Problem requirements> Return a faithful copy of all the entries, omitting the images.

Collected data
★ ★ ★ ★ ★

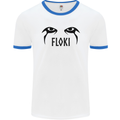 Floki Eyes Vikings Valhalla Odin Mens White Ringer T-Shirt White/Royal Blue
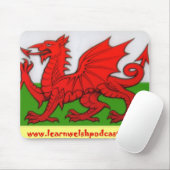 Leer de Welsh Podcast Mouse Mat Muismat (Met muis)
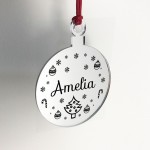 Christmas Tree Decoration Personalised New Baby Gift Engraved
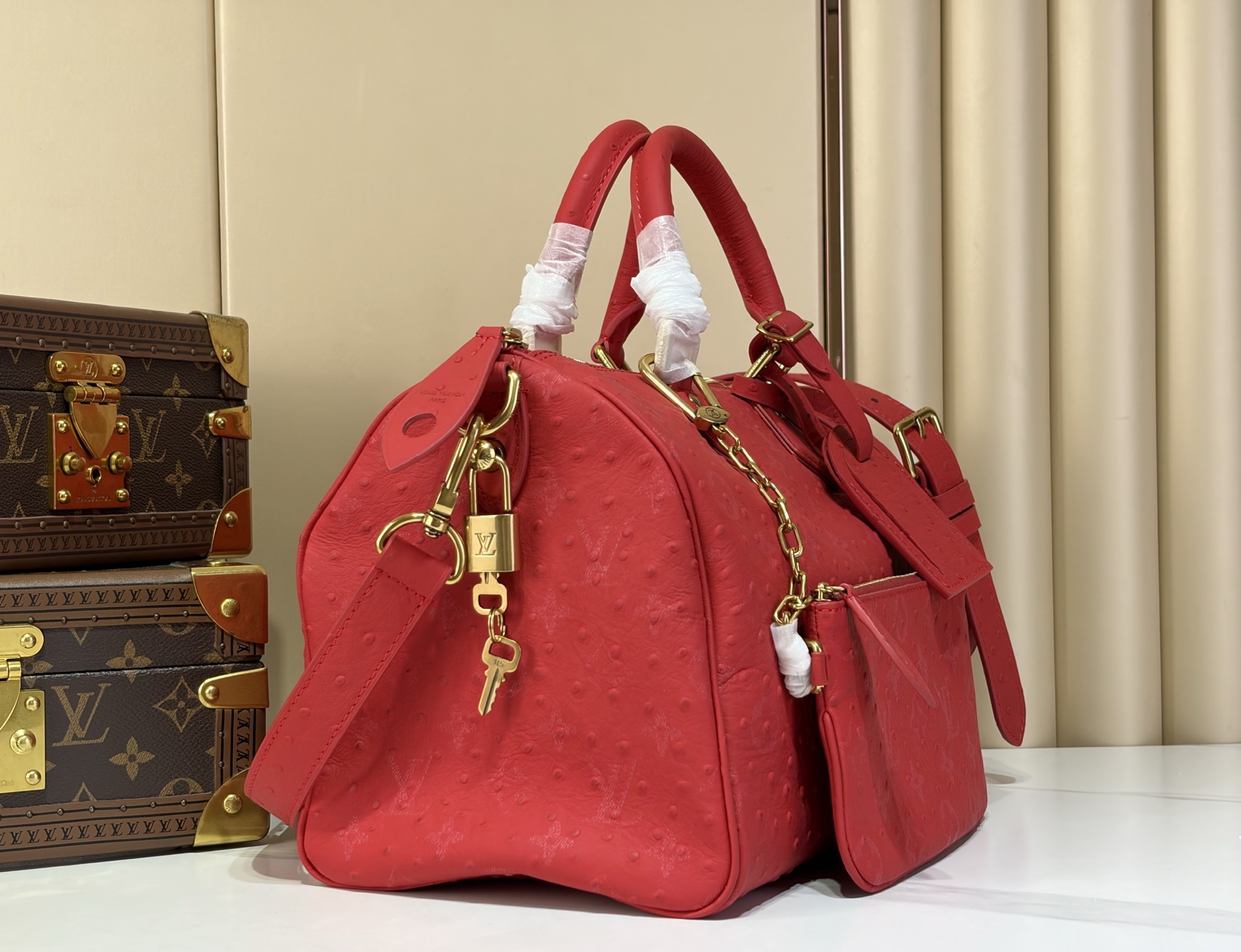 LV一比一紅色Monogram壓紋皮革旅行包 手提斜背女包| 14 LV一比一紅色Monogram壓紋皮革旅行包 手提斜背女包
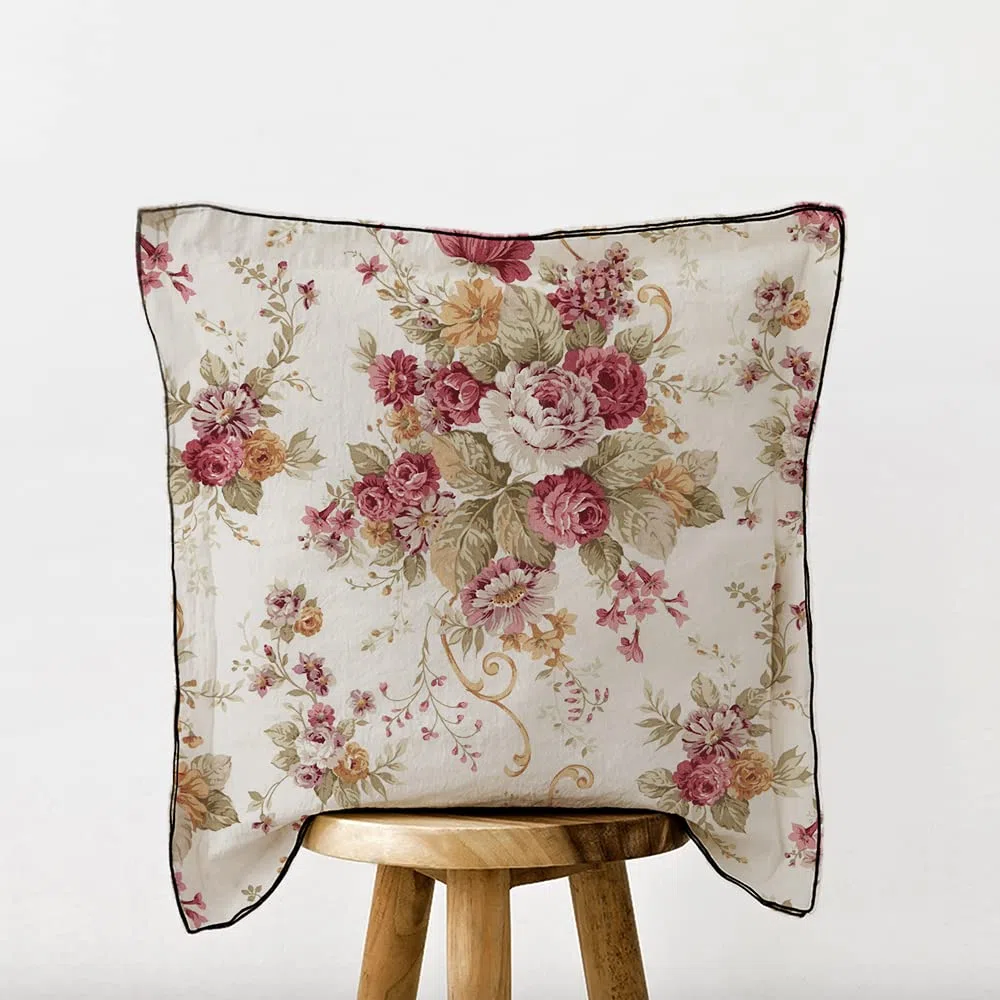 Kt KILOtela - Tela Loneta Estampada, Decoración, Tapizar, Cojines, Cortinas, Colchas, Bolsos, Manteles, 100 cm Largo x 280 cm Ancho, Botánico, Flores, Rosa - 1 Metro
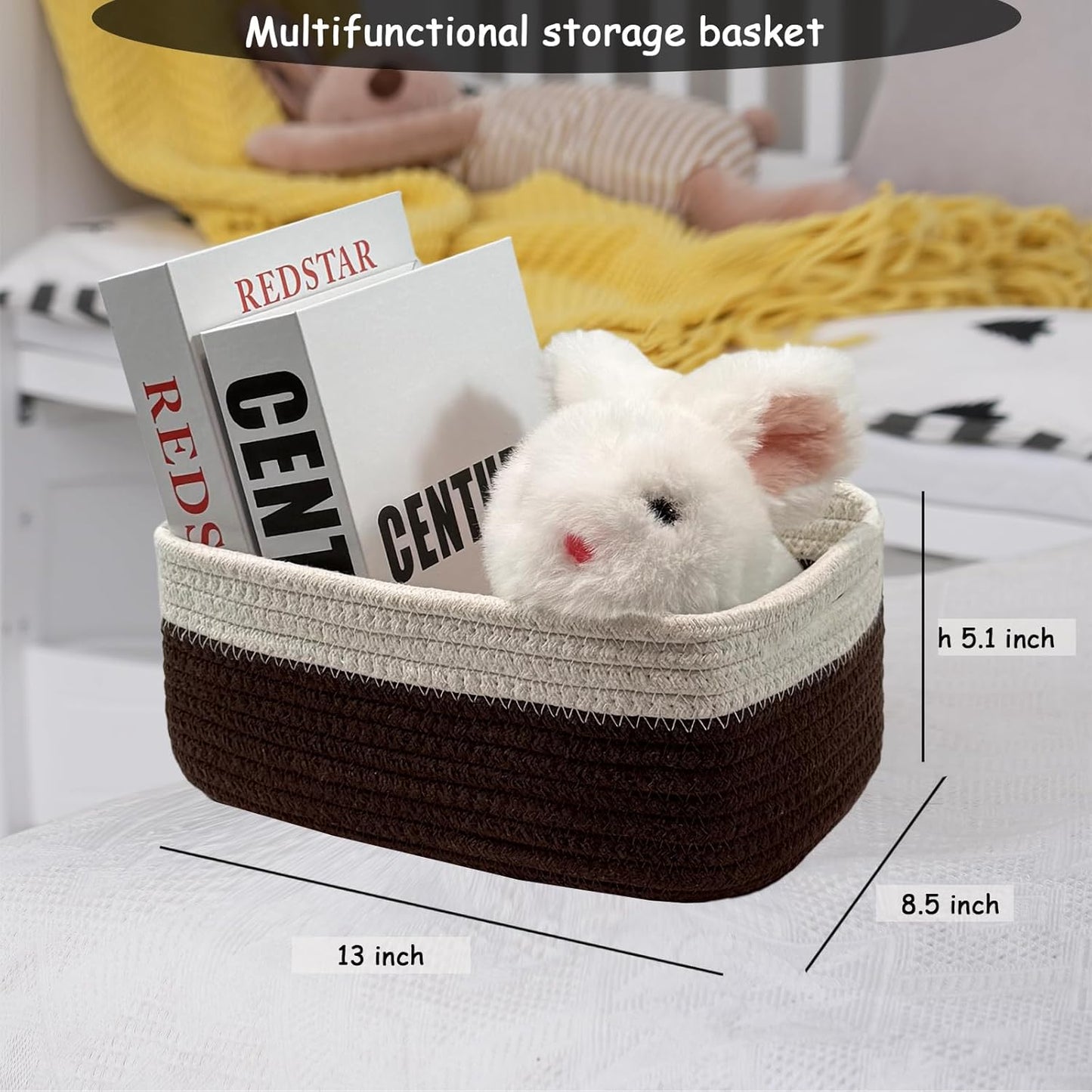 COMFY-HOMI 13" x 8.5" x 5.1"Storage Baskets for Organizing | Cotton Rope Woven Basket | Toy Storage Bin Box | Basket for Shelves, Closet Organizer Bin, Decorative Closet Shelf, 3 Pack,WHT/dark brown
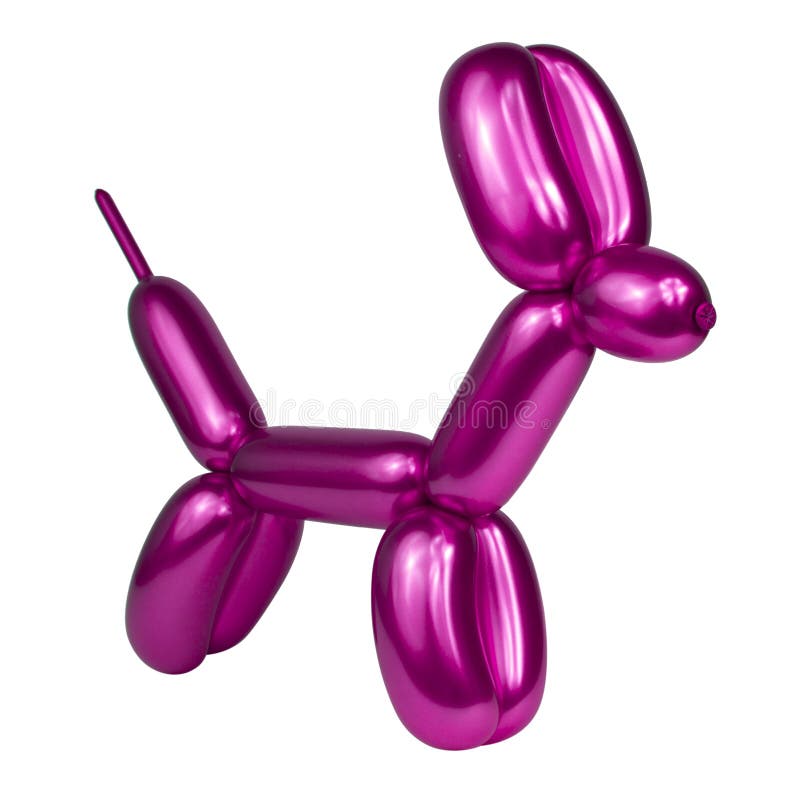 Pink festive balloon dog air craft isolated on the white background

★ ★ ★ ★ ★

Exercise answer>
 Floki Eyes Vikings Valhalla Odin Mens White Ringer T-Shirt White/Royal Blue
 Leer de Welsh Podcast Mouse Mat Muismat (Met muis)
 Christmas Tree Decoration Personalised New Baby Gift Engraved
 LV一比一紅色Monogram壓紋皮革旅行包 手提斜背女包| 14 LV一比一紅色Monogram壓紋皮革旅行包 手提斜背女包
 Kt KILOtela - Tela Loneta Estampada, Decoración, Tapizar, Cojines, Cortinas, Colchas, Bolsos, Manteles, 100 cm Largo x 280 cm Ancho, Botánico, Flores, Rosa - 1 Metro
 COMFY-HOMI 13" x 8.5" x 5.1"Storage Baskets for Organizing | Cotton Rope Woven Basket | Toy Storage Bin Box | Basket for Shelves, Closet Organizer Bin, Decorative Closet Shelf, 3 Pack,WHT/dark brown
 Pink festive balloon dog air craft isolated on the white background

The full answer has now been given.